A senior State Department staffer told the Post on Friday that President Joe Biden would like to see an “eventual negotiated conclusion to the war,” voicing hopes that waves of Western arms shipments to Kiev and the harsh sanctions campaign against the Russian economy would weaken Moscow’s ability to fight.
“While it’s certainly challenging – we’re not certainly sugarcoating that – in terms of how to navigate these stormy waters, our guiding light is that the outcome of Russia being able to achieve its maximalist demands is really bad for the United States, really bad for our partners and allies, and really bad for the global community,” the unnamed official said.

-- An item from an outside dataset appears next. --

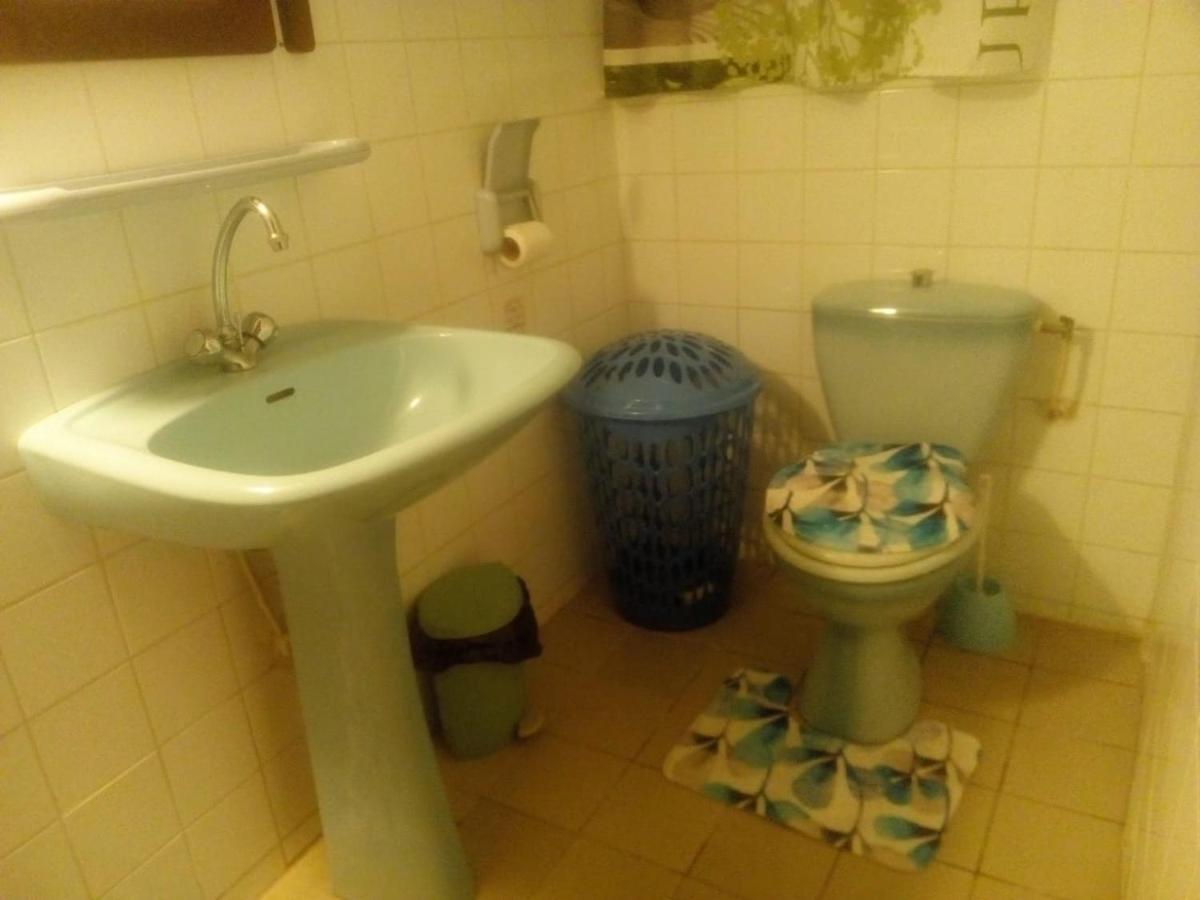 Les Hibiscus Apartment L'Anse Noire Luaran gambar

They added that the Biden team had “discussed the possibility of a protracted conflict with global spillover effects” even before February, during a time when American officials repeatedly predicted an imminent attack by Russia.
Though support for the Ukrainian government has been costly for Washington – which has devoted more than $50 billion in various forms of aid since March – the Post noted that Biden is willing to risk “a global recession and mounting hunger” in order to prevent Russia from achieving its objectives.
Speaking during a recent meeting in Brussels, where officials from dozens of nations met to discuss ways to further bolster Kiev, US Defense Secretary Lloyd Austin said “we’re here to dig in our spurs,” adding “by working together, we can help Ukraine defend itself from Russia’s cruel assault and we can strengthen Ukraine’s security for the long haul.”
General Mark Milley, the chairman of the US Joint Chiefs of Staff, has similarly stated that the hostilities could be “very protracted,” and may endure for “years.”
“This is a very extended conflict that Russia has initiated, and I think that NATO, the United States, Ukraine, and all of the allies and partners that are supporting Ukraine are going to be involved in this for quite some time,” the general said, though noted that it was unlikely Moscow could be deterred from its aims short of a US military deployment – a decision he said he “wouldn’t advise.”